The Arbitration Agreement as the Consent Instrument - Chapter 3 - Arbitration of International Disputes in New York
Dr. Peter (Pieter) Bekker is an international arbitration practitioner and professor. He has been a member of the Bar of the State of New York since 1992. He is also a member of the Bar of the Supreme Court of the United States. He is admitted to practice before the U.S. district courts for the Eastern and Southern Districts of New York and the U.S. Court of Appeals for the First Circuit. He is a commissioned New York Notary Public and, as such, a constitutional officer of the State of New York, where he resides.
Originally from Arbitration of International Disputes in New York
PREVIEW
Arbitration is a consensual recourse mechanism or remedy; its legitimacy is based on consent expressed by the parties. The parties’ arbitration agreement represents a central aspect of arbitration because it provides both the basis and the extent of the parties’ consent to the jurisdiction or mandate of an arbitral tribunal charged with adjudicating a dispute or claim submitted to it. It constitutes the primary source of arbitral jurisdiction: an arbitral tribunal derives its authority and legitimacy from the parties’ arbitration agreement. The arbitration agreement sets the arbitral process in motion. As a result of the contractual freedom that contracting parties enjoy, arbitration agreements come in many varieties and differ in form and length, as is highlighted in chapter 11 of this book. The FAA requires the existence of a valid, written agreement to arbitrate a dispute or claim. This agreement in writing may be a separate, stand-alone agreement concluded between the parties after a dispute has arisen between them (commonly referred to as a “submission agreement” or, in French, compromis), or it may take the form of a compromissory clause contained in a private law contract between the parties expressing a prospective, or future-oriented, consent to arbitration (the terms “arbitration agreement” and “arbitration clause” are used interchangeably in this book).

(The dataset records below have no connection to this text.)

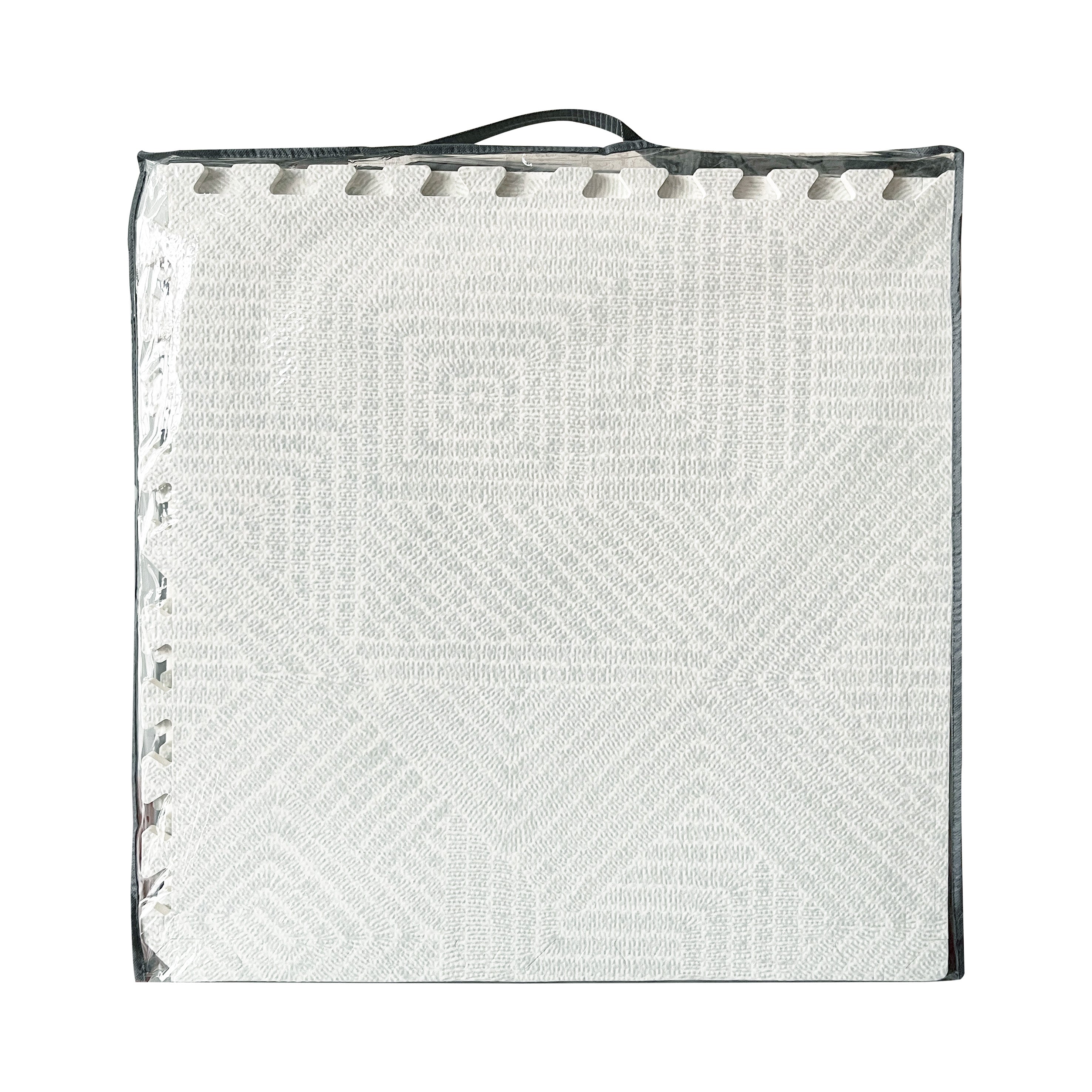 EVA Puzzle Mat - Light Gray Maze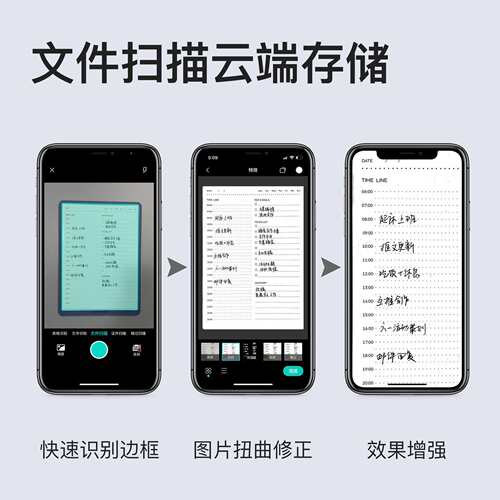 易飞elfinbook皮质可重复擦写桌面留言小白板备忘记事速写笔记本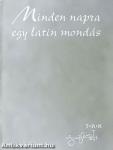 Minden napra egy latin mondás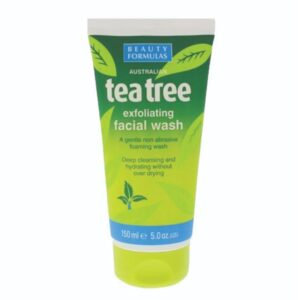 BEAUTY FORMULAS - T/TREE EXF FACIAL WASH 150ml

While this constitutes the only formal requirement under the FAA, the importance of the writing requirement lies in the fact that implicit submission in principle is not recognized as a way of establishing arbitral jurisdiction.
Given that the arbitration agreement expresses the consent of the parties and defines the scope, or outer limits, of the mandate entrusted to the arbitral tribunal in a given case, the dangers of a poorly drafted agreement to arbitrate are apparent. A poorly drafted agreement may legally preclude arbitral jurisdiction altogether in a situation where parties prefer international arbitration over conventional litigation before the courts of a certain jurisdiction. At the very least, it likely will lead to court challenges and added legal fees, which defeats the purpose of selecting arbitration as the preferred method for dispute resolution. At the outset, the parties should investigate any mandatory or formal requirements that might affect the parties’ agreement to arbitrate future disputes under the legal regimes potentially applicable to their arbitration, including: (i) the national law of the jurisdiction from which each party originates (such law may have a bearing on the capacity or ability of the parties to enter into an arbitration agreement); (ii) the arbitration law of the formal seat, or place, of the arbitration (the lex arbitri; such law may govern the existence of the arbitral tribunal, the proceedings conducted by it, and possibly set-aside proceedings); and (iii) the law of each jurisdiction where enforcement of the arbitral award may be sought by the prevailing party (e.g., where assets of the losing party, or award debtor, are located).